* _EXCERPTED RECORDS_
######
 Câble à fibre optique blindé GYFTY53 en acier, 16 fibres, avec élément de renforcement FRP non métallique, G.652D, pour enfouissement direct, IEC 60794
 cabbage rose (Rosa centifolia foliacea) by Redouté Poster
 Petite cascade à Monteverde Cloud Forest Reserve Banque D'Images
######
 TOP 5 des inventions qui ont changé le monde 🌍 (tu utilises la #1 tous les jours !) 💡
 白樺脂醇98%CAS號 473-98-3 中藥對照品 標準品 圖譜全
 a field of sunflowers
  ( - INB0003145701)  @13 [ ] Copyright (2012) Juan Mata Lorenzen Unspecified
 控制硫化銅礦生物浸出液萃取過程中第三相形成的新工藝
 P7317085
######
* _BRIEF_
Everything above from the line containing "Câble à fibre" down to the line containing "Petite cascade à" is to be transcribed exactly, with both of those lines included and nothing else added.

* _FINAL ANSWER_
 Câble à fibre optique blindé GYFTY53 en acier, 16 fibres, avec élément de renforcement FRP non métallique, G.652D, pour enfouissement direct, IEC 60794
 cabbage rose (Rosa centifolia foliacea) by Redouté Poster
 Petite cascade à Monteverde Cloud Forest Reserve Banque D'Images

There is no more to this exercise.